• **Your assignment**: In the records below, the lines from the one containing "Vintage 1930s Gold Lame Floral Open Front Jacket: Vintage" through the last are to be reproduced exactly and alone.

Content starts

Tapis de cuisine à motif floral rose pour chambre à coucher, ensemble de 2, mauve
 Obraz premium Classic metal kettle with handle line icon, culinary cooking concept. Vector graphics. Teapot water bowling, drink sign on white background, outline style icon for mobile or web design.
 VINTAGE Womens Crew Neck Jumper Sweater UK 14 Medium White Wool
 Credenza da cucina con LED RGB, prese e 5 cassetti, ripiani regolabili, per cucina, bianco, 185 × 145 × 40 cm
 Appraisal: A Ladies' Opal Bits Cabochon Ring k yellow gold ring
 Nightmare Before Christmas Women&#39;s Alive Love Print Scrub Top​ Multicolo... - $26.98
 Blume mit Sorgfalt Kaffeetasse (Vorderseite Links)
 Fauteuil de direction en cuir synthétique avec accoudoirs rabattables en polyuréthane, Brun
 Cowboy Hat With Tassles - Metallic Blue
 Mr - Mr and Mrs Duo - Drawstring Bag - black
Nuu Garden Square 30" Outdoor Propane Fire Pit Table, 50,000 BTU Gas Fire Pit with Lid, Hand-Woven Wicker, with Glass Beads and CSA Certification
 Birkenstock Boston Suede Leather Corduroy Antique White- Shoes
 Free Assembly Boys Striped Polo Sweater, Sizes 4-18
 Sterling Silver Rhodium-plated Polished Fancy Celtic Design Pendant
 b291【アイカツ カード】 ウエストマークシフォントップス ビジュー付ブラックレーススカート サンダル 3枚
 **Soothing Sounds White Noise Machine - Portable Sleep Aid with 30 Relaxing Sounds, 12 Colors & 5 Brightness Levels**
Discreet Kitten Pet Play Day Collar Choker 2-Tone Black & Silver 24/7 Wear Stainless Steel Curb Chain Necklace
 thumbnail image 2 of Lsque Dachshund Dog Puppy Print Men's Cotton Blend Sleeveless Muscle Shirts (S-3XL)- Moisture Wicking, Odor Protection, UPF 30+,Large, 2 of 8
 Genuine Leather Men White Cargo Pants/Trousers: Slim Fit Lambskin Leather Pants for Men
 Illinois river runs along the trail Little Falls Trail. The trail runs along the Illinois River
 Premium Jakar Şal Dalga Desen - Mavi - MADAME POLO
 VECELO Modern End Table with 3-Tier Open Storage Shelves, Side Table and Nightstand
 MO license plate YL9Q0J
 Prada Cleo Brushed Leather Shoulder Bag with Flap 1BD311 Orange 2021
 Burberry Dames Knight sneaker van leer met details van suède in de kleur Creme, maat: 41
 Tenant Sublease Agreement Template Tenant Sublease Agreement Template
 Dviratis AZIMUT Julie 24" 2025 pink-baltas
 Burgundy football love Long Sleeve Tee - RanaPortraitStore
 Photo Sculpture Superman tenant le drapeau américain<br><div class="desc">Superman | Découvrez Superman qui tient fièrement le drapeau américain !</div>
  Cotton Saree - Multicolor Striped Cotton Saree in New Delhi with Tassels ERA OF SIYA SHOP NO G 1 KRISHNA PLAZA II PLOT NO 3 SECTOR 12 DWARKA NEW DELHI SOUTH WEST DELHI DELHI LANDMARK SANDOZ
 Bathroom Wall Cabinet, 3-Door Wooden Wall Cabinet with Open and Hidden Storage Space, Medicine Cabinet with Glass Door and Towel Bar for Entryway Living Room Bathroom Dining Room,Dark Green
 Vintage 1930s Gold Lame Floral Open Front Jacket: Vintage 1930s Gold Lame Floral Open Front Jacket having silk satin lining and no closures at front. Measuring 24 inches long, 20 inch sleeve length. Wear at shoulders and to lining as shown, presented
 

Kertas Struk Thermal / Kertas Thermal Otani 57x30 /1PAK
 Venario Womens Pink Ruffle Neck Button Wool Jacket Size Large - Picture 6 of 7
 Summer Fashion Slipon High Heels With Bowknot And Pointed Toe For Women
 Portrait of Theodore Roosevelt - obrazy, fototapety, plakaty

Content ends

• **Exercise solution**:
 Vintage 1930s Gold Lame Floral Open Front Jacket: Vintage 1930s Gold Lame Floral Open Front Jacket having silk satin lining and no closures at front. Measuring 24 inches long, 20 inch sleeve length. Wear at shoulders and to lining as shown, presented
 

Kertas Struk Thermal / Kertas Thermal Otani 57x30 /1PAK
 Venario Womens Pink Ruffle Neck Button Wool Jacket Size Large - Picture 6 of 7
 Summer Fashion Slipon High Heels With Bowknot And Pointed Toe For Women
 Portrait of Theodore Roosevelt - obrazy, fototapety, plakaty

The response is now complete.